The Controller

The controller is a flexible and powerful way for users to define a slice of execution which they want to profile by Intel® SDE or an Intel® SDE based tool. The controller component delivers controller events, and the tool is responsible to support the events, and define its behavior upon getting the event.

The controller supports a sophisticated definition for alarms and events. The user defines the controller events in a control chain. This defines a set of alarms which will trigger the events to be fired by the controller. All Intel® SDE active tools will receive these events, and act accordingly.

By default, if no start event is defined by the user in the command line, then a default start event is armed for each thread.

The controller provides a set of predefined alarms which include:

Name

Description

icount

count instructions where all the repeat string iterations are counted

instcount

count instructions where each repeat string instruction is count as a single count

address

a real virtual address or a function name (symbol) or image+offset

ssc

execution of a code sequence consisting of 2 instructions where the first has an immediate that identifies this marker

itext

execution of an instruction denoted by a sequence of raw bytes which is interpreted as an instruction

int3

execution of an embedded INT3 instruction

isa_extension

execution of an instruction which belong to this XED ISA extension name

isa_category

execution of an instruction which belong to this XED ISA category name

isa_category

execution of an instruction which has this XED ICLASS name

enter_func

entering to a function with this name

exit_func

returning from a function with this name

image_load

the time the image load callback was detected by pin

image_enter

execution of the first instruction in the image

cpuid

execution of a CPUID instruction with a special input (as defined by the input registers)

magic

execution of a code sequence also used by other simulation tools which has two input values that identify the marker

pcontrol

entering the MPI_Pcontrol function with specific string argument that identify the marker

timeout

number of seconds to trigger event

system_call

execution of a system call with an input value as the system call number

interactive

the user interactively send the event to the process from another window/shell on the same machine

Details

The controller exposes a knob: -control which gets the actual definition in a string argument.

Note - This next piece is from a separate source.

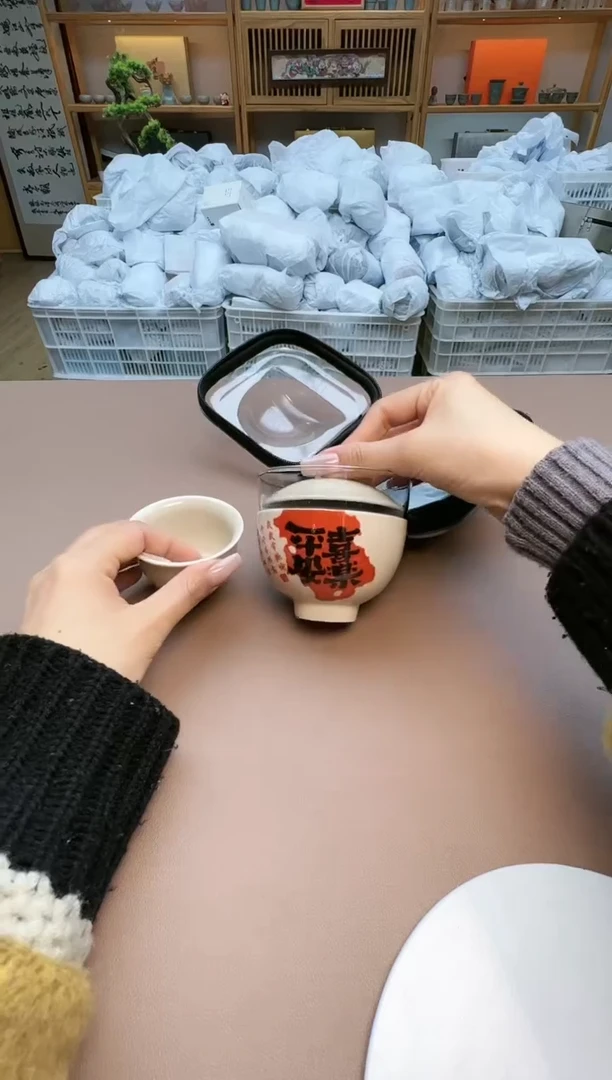 【闪购商品】瓷制品S1111111111111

This knob can be defined multiple time in the Intel® SDE command line. This is a flexible way for the user to control the region being profiled by the tool.

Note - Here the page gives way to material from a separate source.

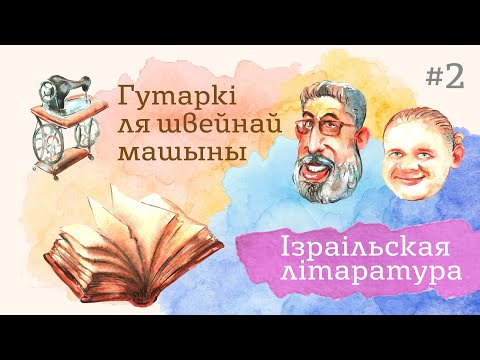 Видео: Гутаркі ля швейнай машыны: пра іўрыцкую літаратуру 🖋🕰✡️ Цві Міркін і Павал Касцюкевіч #hutarki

Each instance of the “-control” knob, defines an alarm-chain as:

% sde -control <event>:<alarm>:<value>[:count<int>][:tid<int>][:bcast] ...

A full definition of the syntax, and the available alarm-types can be found below.

This defines that the <event> will be fired by the controller, once the <alarm> identified by the <value> is executed. If :count<int> is used, the event will be fired only when the alarm identified by the <value> is executed for the <int> time.

Examples:

% sde -skx -mix -control start:icount:100 -- myapp

The controller will fire a start event once 100 instructions are executed, and this will trigger the start of the collection of mix histogram analysis.

% sde -skx -mix -control stop:address:foo:count3 -- myapp

The collection of mix histogram analysis will start at the start of the process, and the controller will fire a stop event, once we reach the symbol ‘foo’ for the 3rd time.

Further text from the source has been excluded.